The Phantom also had its CCW arm debut at UK GD11. 









The Pheonix Lord for the Shadow Spectres

















Now that it seems as if the Eldar codex is not to far away anyone else hearing any rumors on our pointy eared friends?


----------



## Styro-J (Jan 20, 2009)

Just heard that that "drop pod" might actually sort of infiltrate in, allowing a selected reserved unit to deploy turn 1. AV11 and has a HW turret. From Stickmonkey on Warseer. Evidently he heard about this thing from two seperate sources, but who really knows.

Do we even know who is writing the codex?


----------



## Masked Jackal (Dec 16, 2009)

Far enough away for a lot of this to be speculative. Still, good to see an indication Eldar may be in the pipeline. They need it.


----------



## bitsandkits (Mar 18, 2008)

drop pod for eldar ??? utter tosh, they have the webway and technology undreamed of by man they dont need a drop pod.also new guardians ? again cant see it, they were relegated last time and are not needed,most of this is just speculation because GW had a training sculpt warlo
ck and guardian at GD.


----------



## Dawnstar (Jan 21, 2010)

bitsandkits said:


> most of this is just speculation because GW had a training sculpt warlock and guardian at GD.
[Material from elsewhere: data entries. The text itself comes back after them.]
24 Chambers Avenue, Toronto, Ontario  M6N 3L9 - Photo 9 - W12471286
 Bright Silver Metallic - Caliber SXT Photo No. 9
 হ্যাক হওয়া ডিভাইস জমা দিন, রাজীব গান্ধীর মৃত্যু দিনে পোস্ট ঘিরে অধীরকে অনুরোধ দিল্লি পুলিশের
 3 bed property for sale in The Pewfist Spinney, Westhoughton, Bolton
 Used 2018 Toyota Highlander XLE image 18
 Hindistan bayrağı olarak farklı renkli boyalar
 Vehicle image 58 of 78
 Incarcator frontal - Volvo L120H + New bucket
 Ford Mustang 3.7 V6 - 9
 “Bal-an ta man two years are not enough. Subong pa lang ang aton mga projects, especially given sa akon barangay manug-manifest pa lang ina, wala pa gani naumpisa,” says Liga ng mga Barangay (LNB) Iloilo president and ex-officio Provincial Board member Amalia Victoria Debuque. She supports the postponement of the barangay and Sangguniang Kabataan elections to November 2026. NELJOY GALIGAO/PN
My thoughts exactly. Hell the models are probably just test's for a future Plastic/Failcast sculpt of Warlocks, and a new Guardian box with Storm Guardian bits


----------



## humakt (Jan 2, 2008)

This doesnt say anything to me that the eldar codex is in the pipeline. Forgeworld have thier own release schedule that bears not relation to the GW studio. 

Nice looking Phoenix lord though.


----------



## Djinn24 (Jan 12, 2008)

It has been rumored for a bit that Eldar are getting the 1st or 2nd codex for 6th edition. The part I do not buy is there is a new Vyper kit coming out. They just put out the venom that is suppose to be based of the vyper.


----------



## elmir (Apr 14, 2011)

They might make it more in line with the current venom model? I'm thinking minor upgrades like the half wind shield...


----------



## Doelago (Nov 29, 2009)

Djinn, I take it your wife does not like these rumors? :wink:


----------



## LukeValantine (Dec 2, 2008)

Nice to see eldar getting a bit more attention again for FW.


----------



## Achaylus72 (Apr 30, 2011)

If this is true, then this means that Chaos will get pushed back until late 2013 or early 2014.


----------



## Djinn24 (Jan 12, 2008)

I am pretty sure that the Eldar dex is older then the Chaos dex at thins point.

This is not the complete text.